- _Information given_:
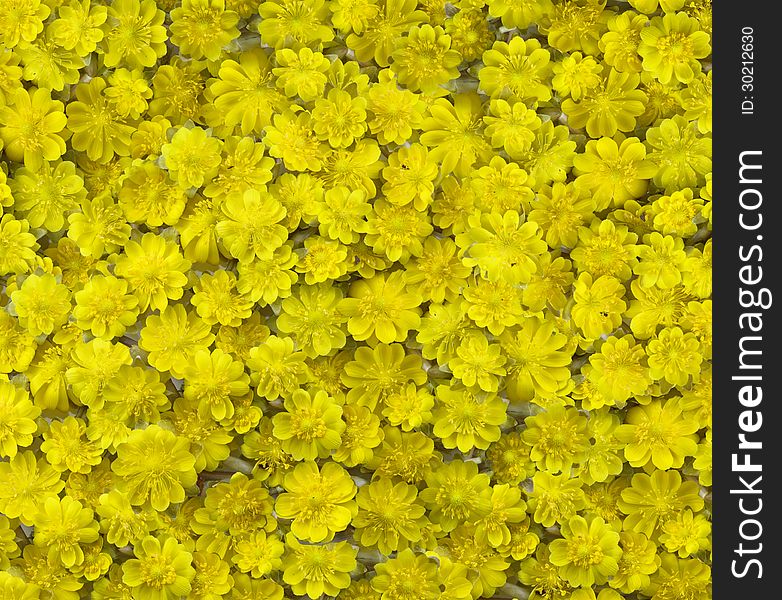 Beautiful background of many small yellow flowers. Beautiful background of many small yellow flowers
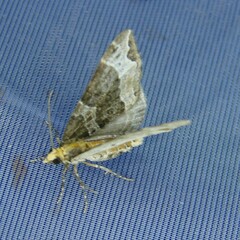 Ecliptopera capitata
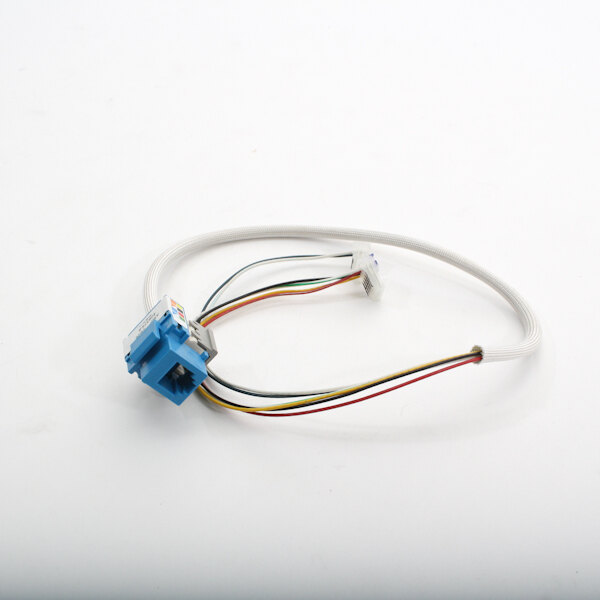 A white electrical wire with a blue Prince Castle connector and white wires.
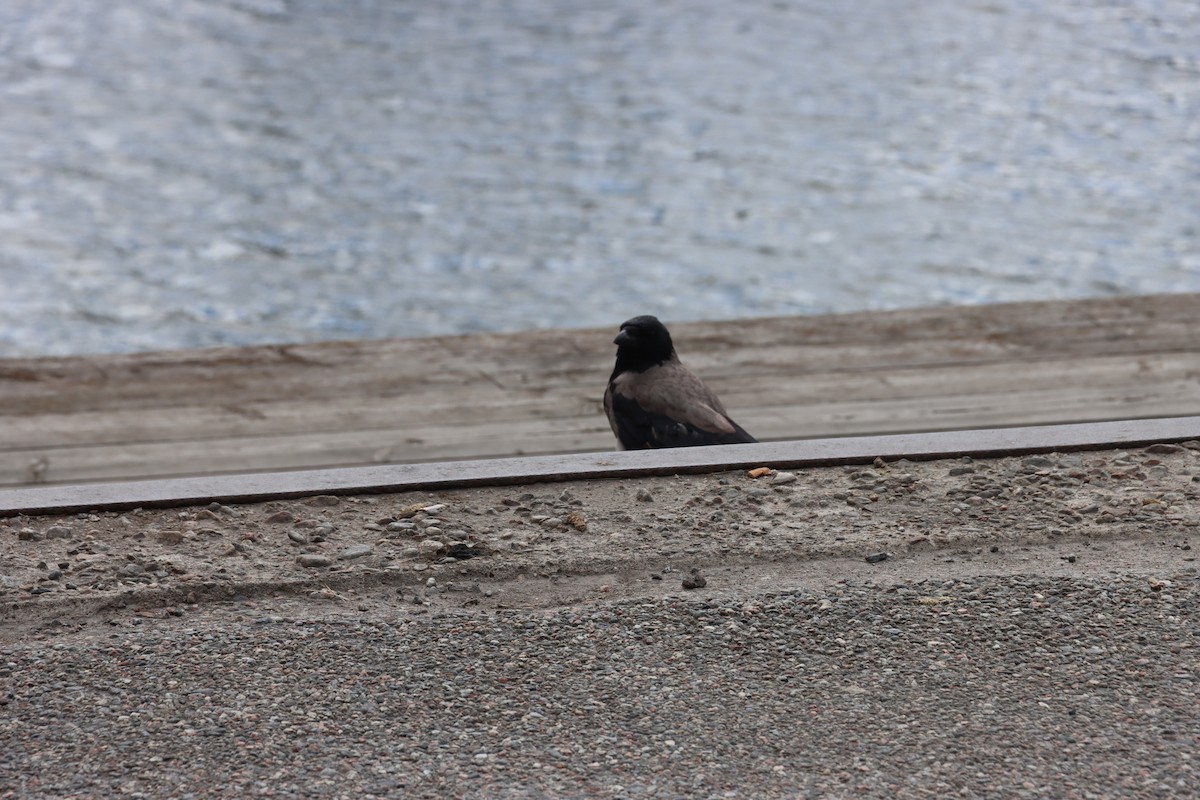 Hooded Crow - ML615294819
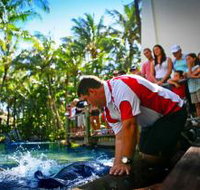 The Living Reef on Daydream Island - Winery Find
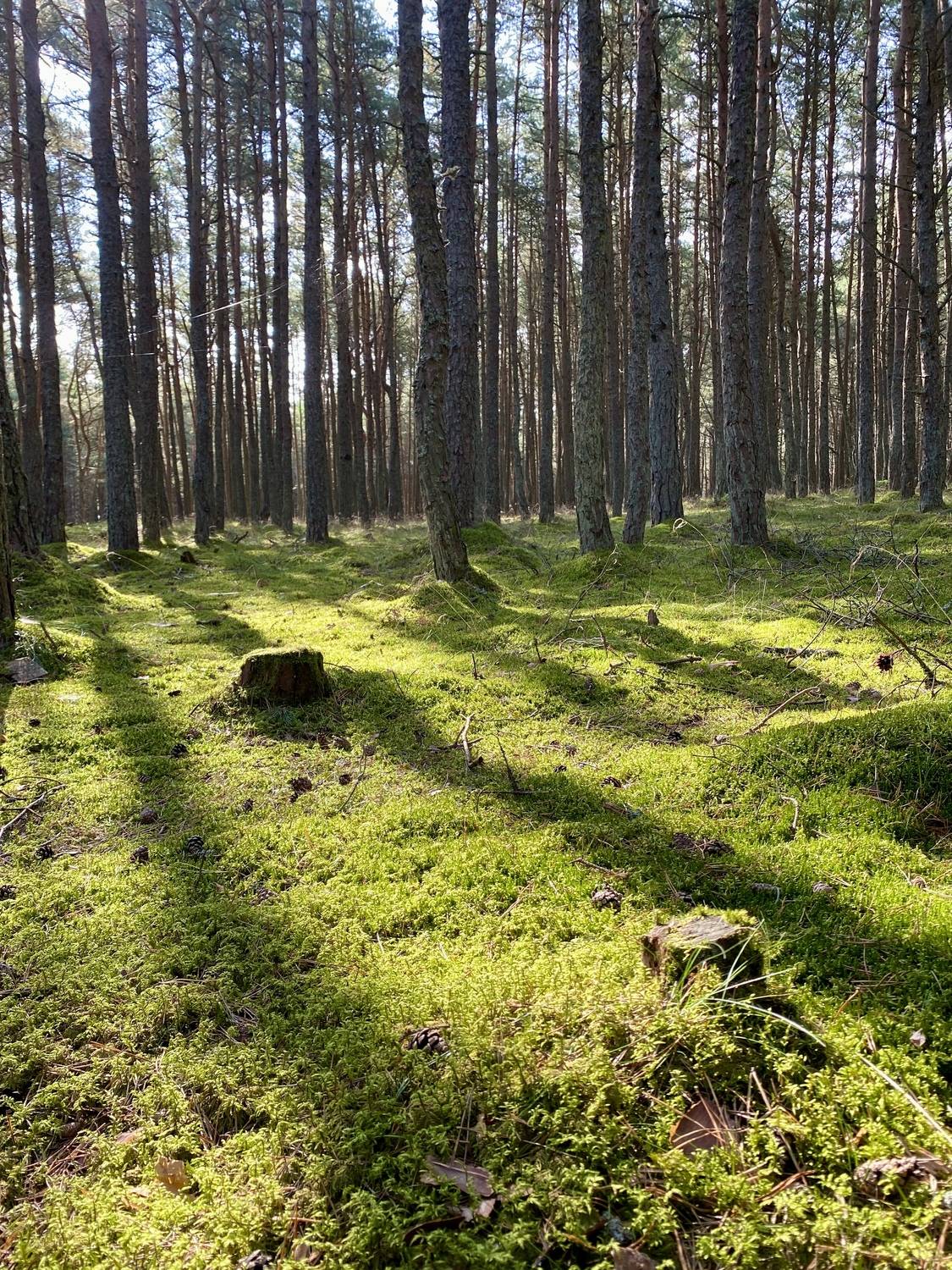 Фотография #13484002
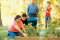 Gardening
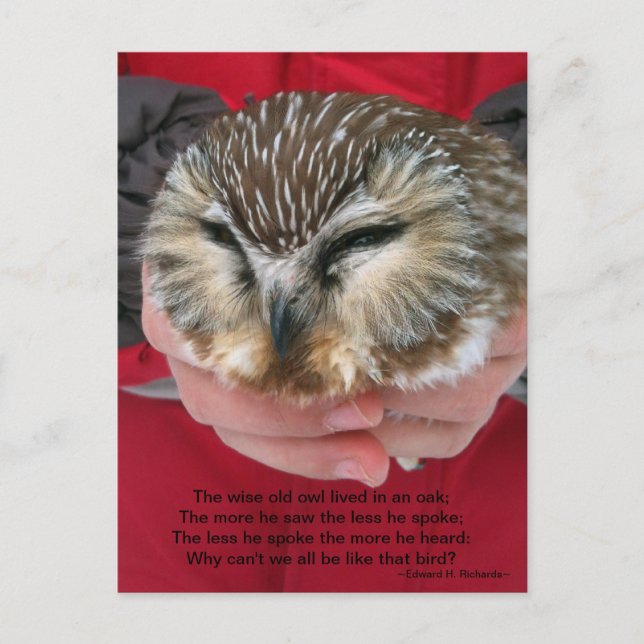 Saw-whet Owl Poem Postcard (Front)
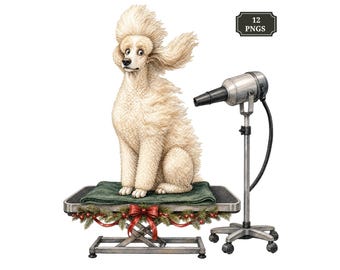 May include: A cream-colored poodle with fluffy fur sits on a grooming table decorated with a red bow and greenery. A silver professional hair dryer on a rolling stand is positioned next to the table. A black label reads 12 PNGS.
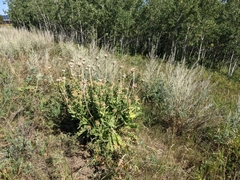 Centaurea macrocephala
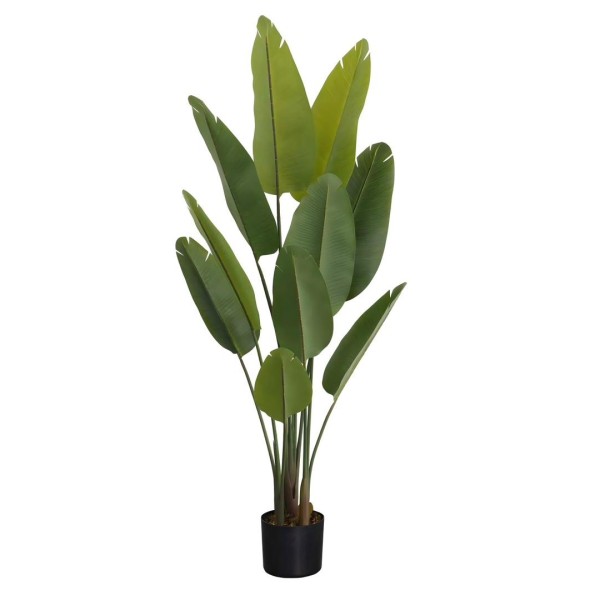 Τεχνητό Φυτό Εξωτερικού Χώρου Το δέντρο του ταξιδιώτη με ύψος 163cm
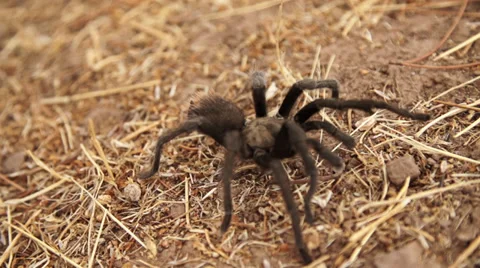 Tarantula In Super Slow Motion 5 Video stock 30462559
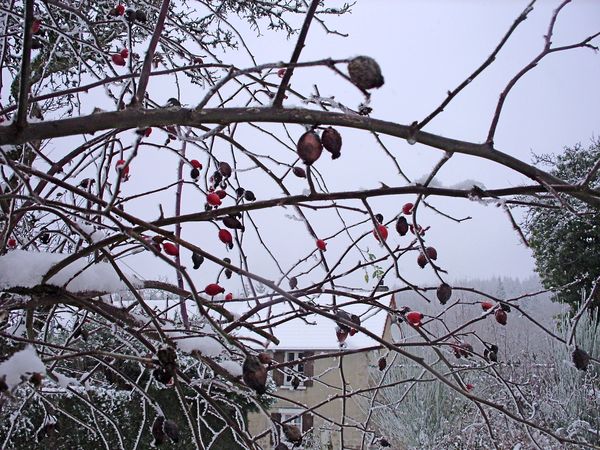 Neige-Limousin-dec-2009 6408
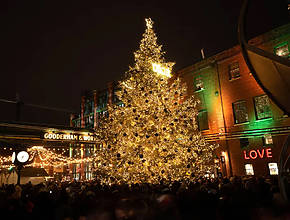 Canada’s Most Iconic Christmas Tree Lights Up Toronto In A Dazzling Ceremony This Month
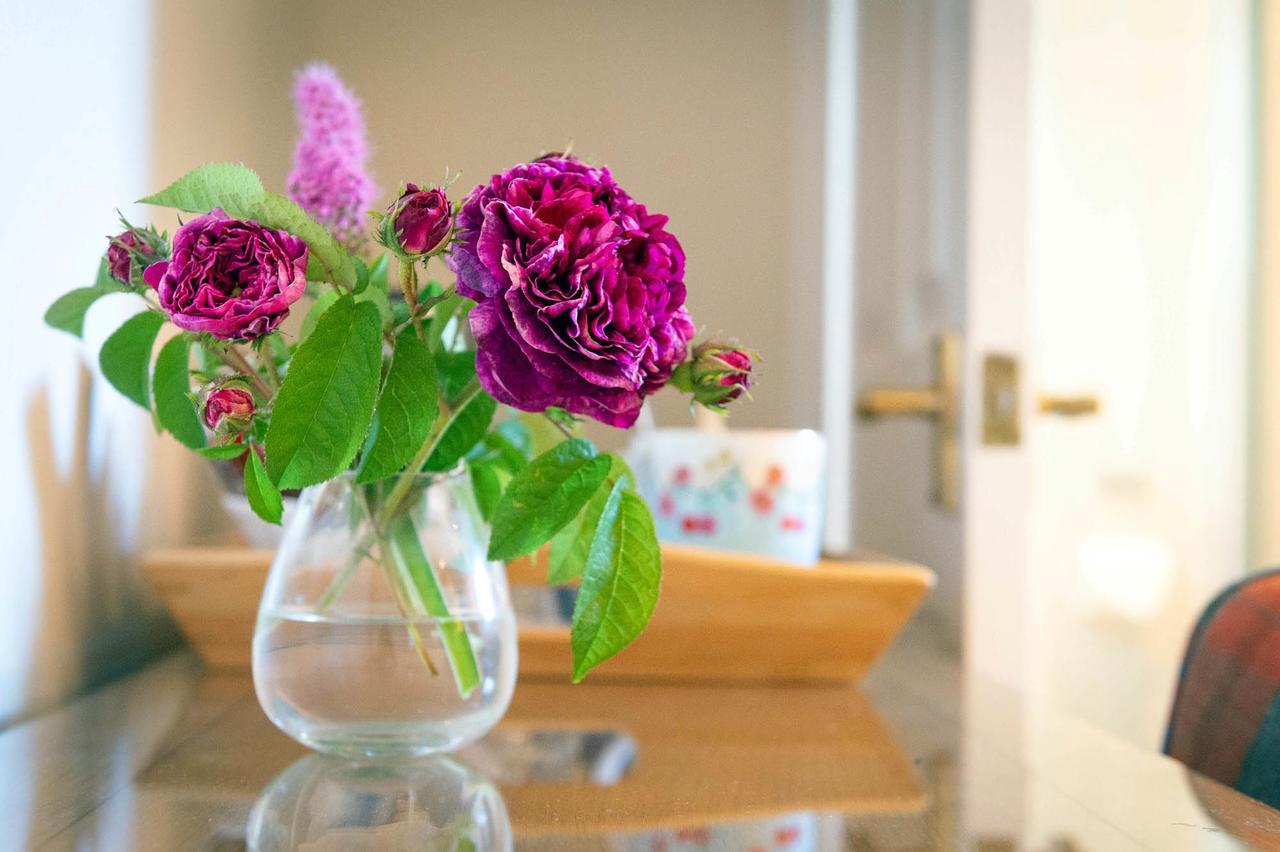 The Dinney B&B Bridgnorth Luaran gambar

- _Exercise_:
Write out every line above exactly, minus images.

- _Response for this exercise_:
 Beautiful background of many small yellow flowers. Beautiful background of many small yellow flowers
 Ecliptopera capitata
 A white electrical wire with a blue Prince Castle connector and white wires.
 Hooded Crow - ML615294819
 The Living Reef on Daydream Island - Winery Find
 Фотография #13484002
 Gardening
 Saw-whet Owl Poem Postcard (Front)
 May include: A cream-colored poodle with fluffy fur sits on a grooming table decorated with a red bow and greenery. A silver professional hair dryer on a rolling stand is positioned next to the table. A black label reads 12 PNGS.
 Centaurea macrocephala
 Τεχνητό Φυτό Εξωτερικού Χώρου Το δέντρο του ταξιδιώτη με ύψος 163cm
 Tarantula In Super Slow Motion 5 Video stock 30462559
 Neige-Limousin-dec-2009 6408
 Canada’s Most Iconic Christmas Tree Lights Up Toronto In A Dazzling Ceremony This Month
 The Dinney B&B Bridgnorth Luaran gambar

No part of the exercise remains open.